## STUDY MATERIAL
---

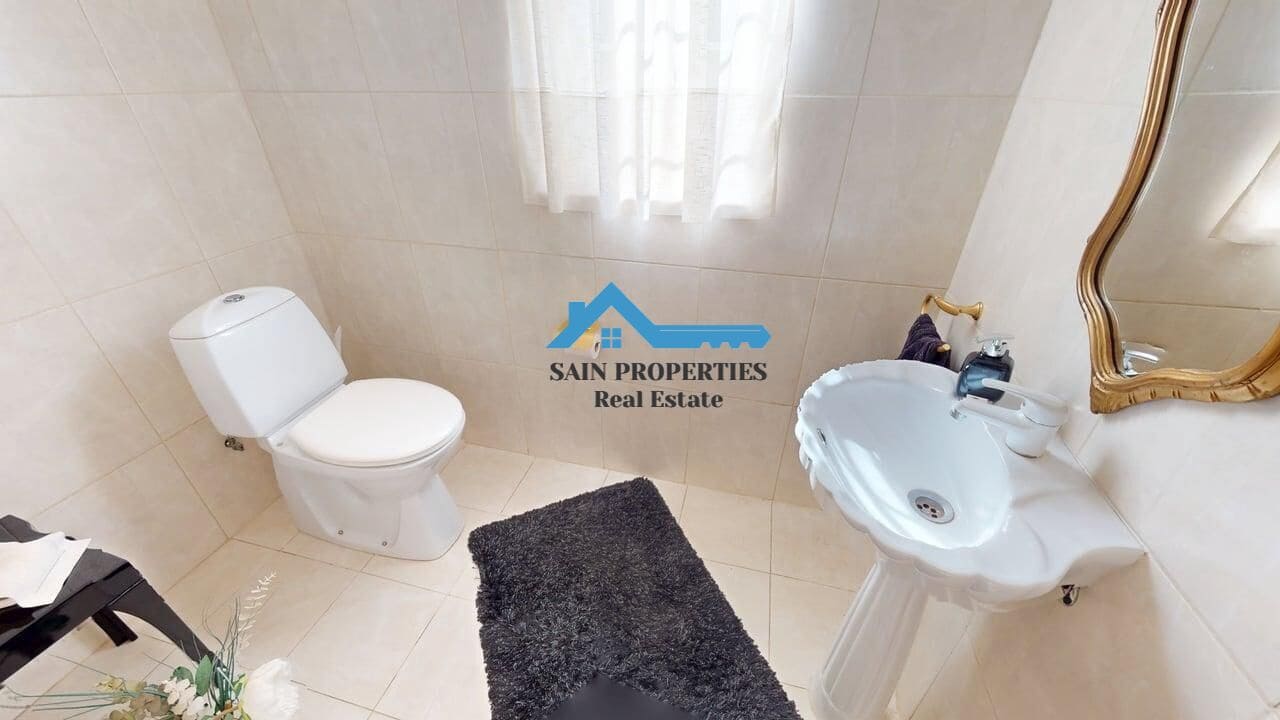 Chalet de 4 habitaciones en Alfaz del Pi / L'Alfàs del Pi en venta con piscina garaje - 850.000 € (Ref: 9446300)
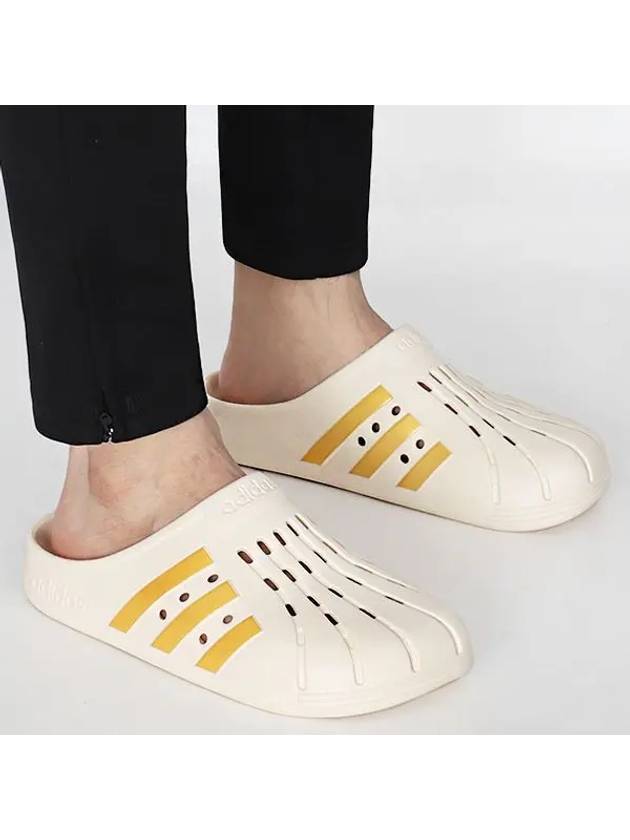 Adilette Clog Slippers Wonder White - ADIDAS - BALAAN 2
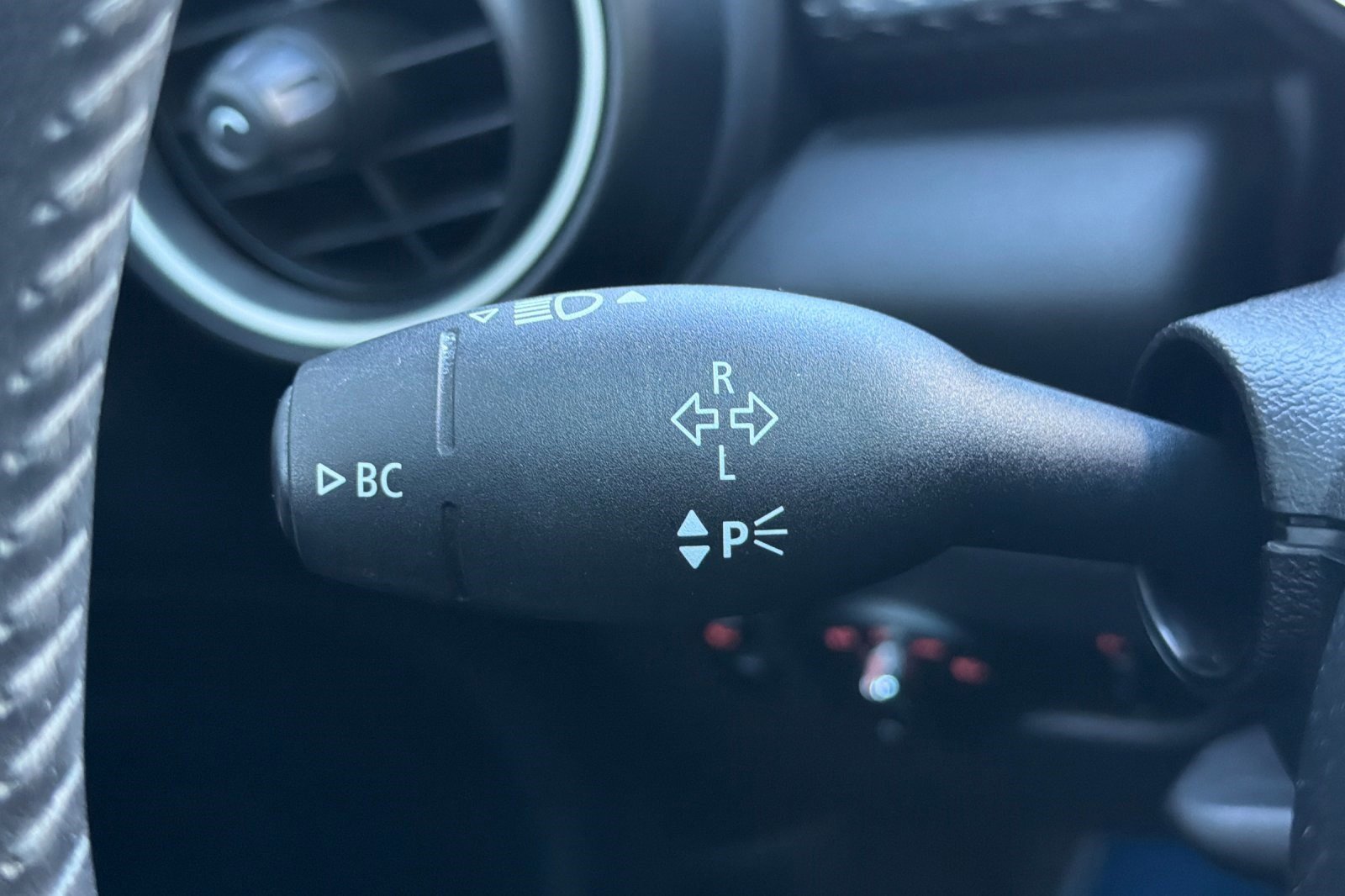 Used 2014 MINI Cooper S image 30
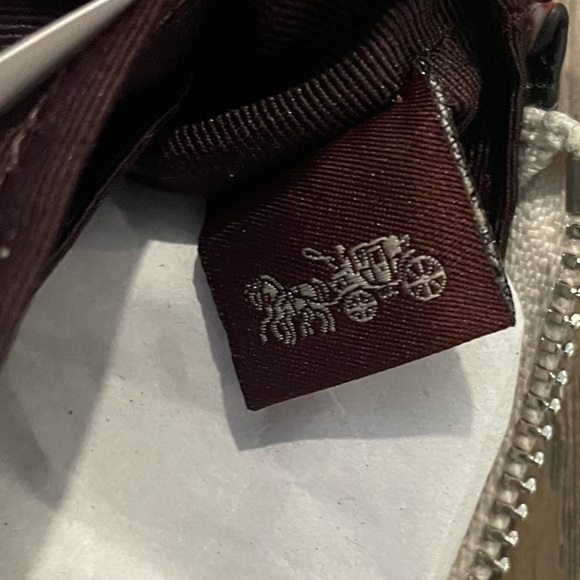 Coach White and Red Floral Corner Zip Wristlet NWT - Picture 5 of 5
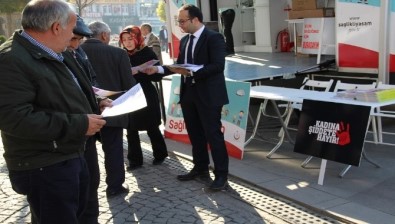 Aksaray'da Sağlık Çalışanları 'Kadına Şiddete' Dikkat Çekti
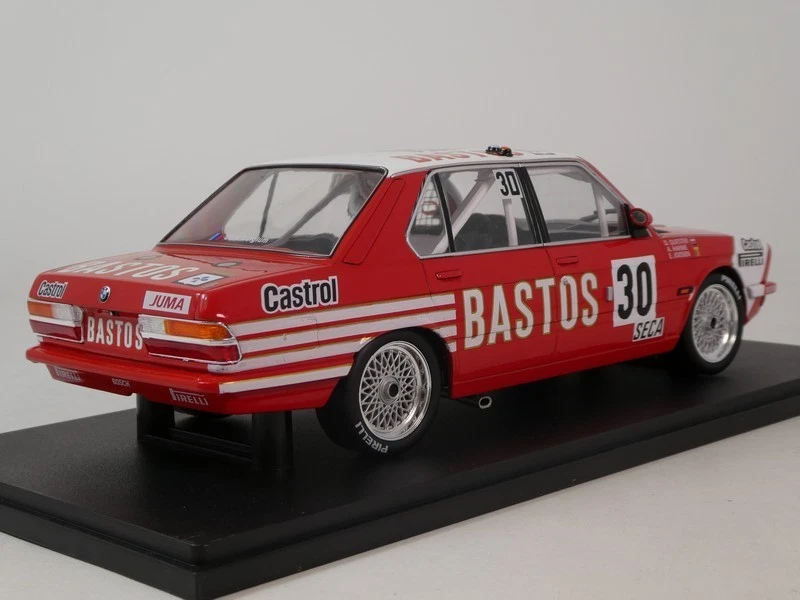 Miniature IXO BMW 528i E28 #30 vue arrière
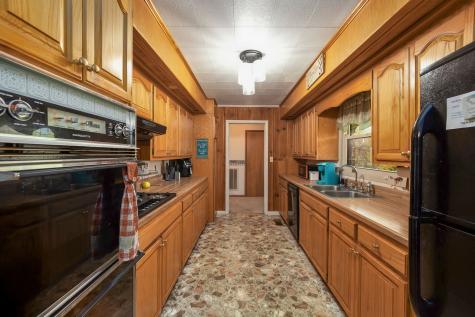 280 E Highland Street Decaturville TN 38329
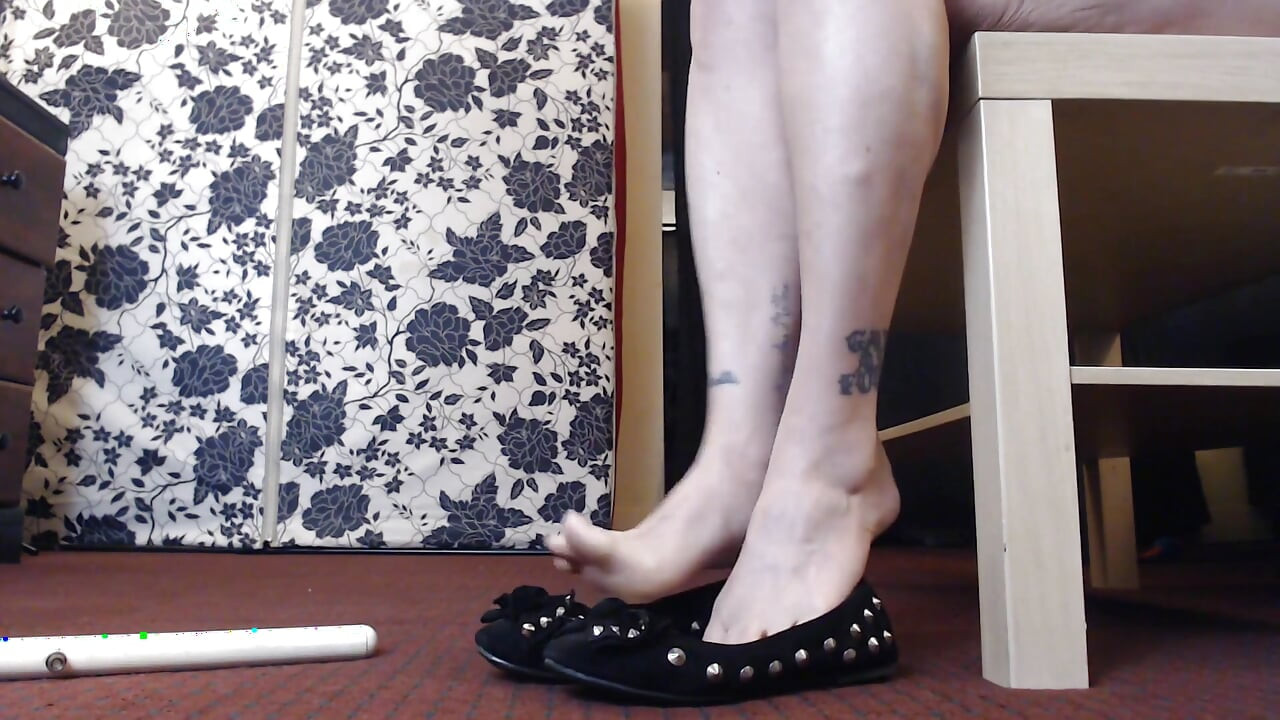 Black Ballet Flats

---

## WHAT YOU WILL DO
All of the data, minus its pictures, should be repeated exactly.

## WRITTEN RESPONSE
 Chalet de 4 habitaciones en Alfaz del Pi / L'Alfàs del Pi en venta con piscina garaje - 850.000 € (Ref: 9446300)
 Adilette Clog Slippers Wonder White - ADIDAS - BALAAN 2
 Used 2014 MINI Cooper S image 30
 Coach White and Red Floral Corner Zip Wristlet NWT - Picture 5 of 5
 Aksaray'da Sağlık Çalışanları 'Kadına Şiddete' Dikkat Çekti
 Miniature IXO BMW 528i E28 #30 vue arrière
 280 E Highland Street Decaturville TN 38329
 Black Ballet Flats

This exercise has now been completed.